> I don't think I disagree with you generally, but it must be recognized that trademarks are different from copyrights in that there is a mechanism where if you don't assert your rights in the trademarks you could lose them.
That sounds exactly like you disagree, and not just with me but with reality.
When this discussion topic arises, the most common thing people leap to is genericization - it is possible that if basically everybody calls this thing a Doodad when you one day sue some company to stop them using your Doodad trademark to describe their product, the judge says that's just what everybody calls these thing so you lose. But: One: This happens when you're a tremendous success! Most businesses would kill to have a product as widely known as Xerox copiers or the Hoover vacuum cleaner. Two: You can't fix this with lawsuits anyway, the judges are looking at what everybody calls the product, and you're not going to sue everybody and even if you sue movie stars and TV hosts you won't change what everybody else calls it.
Next most common are people's half memories of the 20th century trademark restitutions from World War I and World War II Germany. German industrial firms as "punishment" for their role in these conflicts had their marks invalidated in some cases. So you might well find that some mark which is protected in say, Venezuela or Japan is just generic in the United States or say France, because they won the war. In a fuzzy memory this somehow becomes the Germans "failing" to protect their marks, just conveniently in the immediate aftermath of a war, hmm, I wonder why it's only German companies, why they "failed" to do this and only in countries they'd just lost a war against...

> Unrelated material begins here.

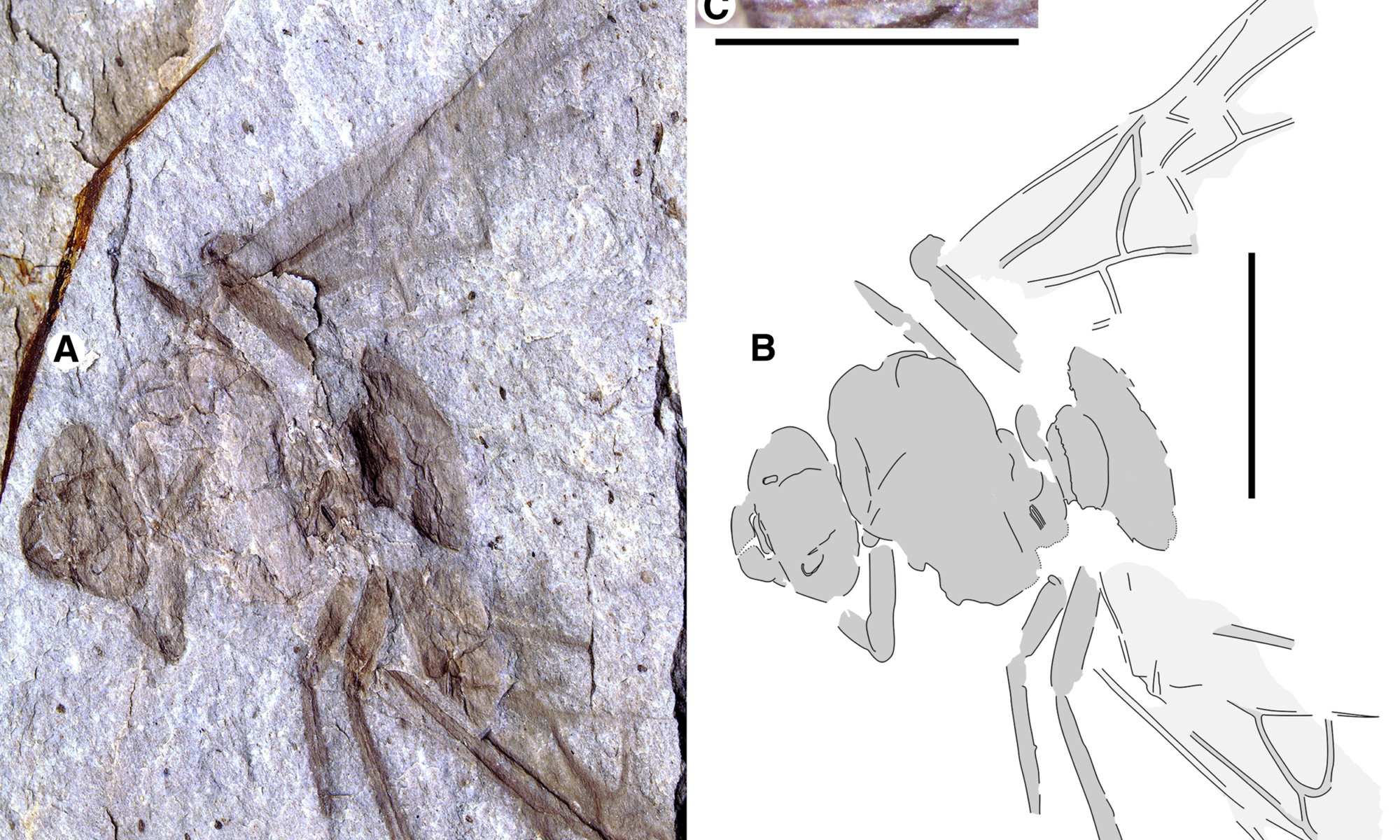 Fósiles de hormigas gigantes desafían lo que científicos sabían sobre los insectos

Finally Estoppel. Estoppel isn't special to trademarks, it's a general principle in civil law about you can't tell people they can do X and then sue them for doing it. If Disney allowed primary schools to do a Little Mermaid play that's blatantly just the script of the original cartoon movie, and then one day they pick on the play at Little Nowhere Infant School and decide to sue, the lawyers for the school (if it can afford them and doesn't just settle) would argue that's Estopped, there's a long standing understanding that it's OK for schools to do this. Estoppel has practical limits so it's not a real threat and is often over-inflated by IP lawyers. So e.g. if Little Nowhere is selling a stream of the play that's not what Disney agreed to allow, or maybe the Little Nowhere "Infant" school somehow has adult actors and a huge live audience which makes $$$ on ticket sales, again a judge can see this is not what Disney envisioned, so they're entitled to sue anyway.